October 11, 2012 - 14:29 AMT
German research institutes halve growth prediction

Germany's leading economic research institutes have halved their prediction for the country's growth next year, saying the financial woes of other European nations continue to weigh heavily on the bloc's largest economy, according to The Associated Press.

In a joint report for the Economy Ministry released Thursday, Oct 11, the institutes said they now expect gross domestic to increase by only 1 percent in 2013. Fears of more trouble and turmoil from indebted countries are weighing on business spending on new equipment and production facilities, a key component of growth.

They warned that even that modest amount of growth they are predicting depends on political leaders now taking more decisive action to further stabilize the 17-country eurozone.
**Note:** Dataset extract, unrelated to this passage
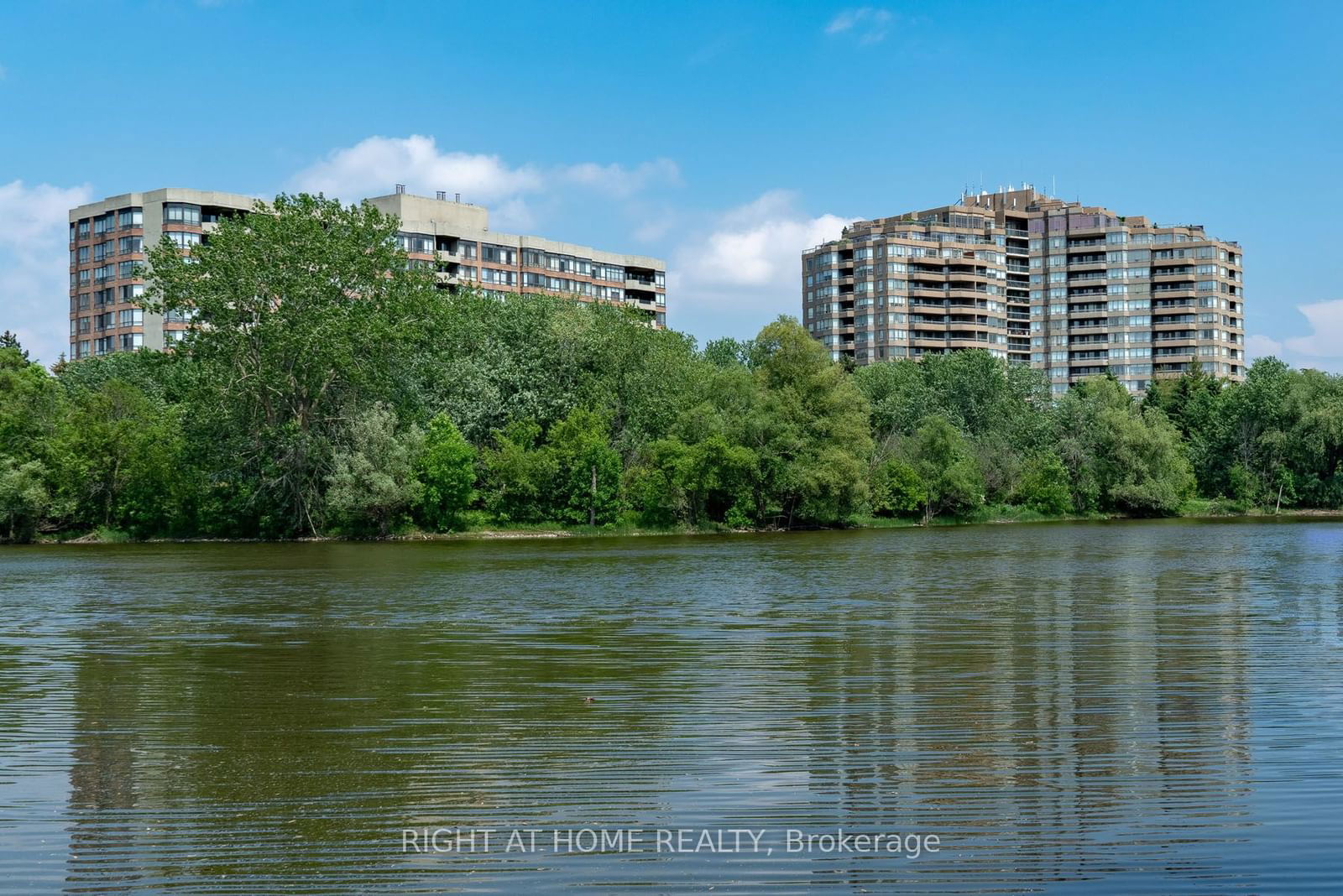 Waldon Pond Condos, Markham, Toronto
If the debt crisis should worsen and borrowing costs for troubled countries spike, they said, "there is a great danger Germany will fall into recession."

"Over the course of the year ahead economic activity in Germany is expected to improve, since the situation in the eurozone should gradually ease and the rest of the world economy should gain greater momentum," they said in their twice-yearly report.

Yet they warned that the ECB's chances of lowering borrowing costs for governments and companies in the crisis countries will largely depend on whether politicians' "economic policy can restore the confidence of financial investors, companies and households."

Budget cuts by governments trying to reduce debt would dampen growth, they said, but help reduce uncertainty that is plaguing the eurozone.

So far, they cautioned, there are "no signs of a long-term economic policy solution to the crisis" and "risks to stability remain high."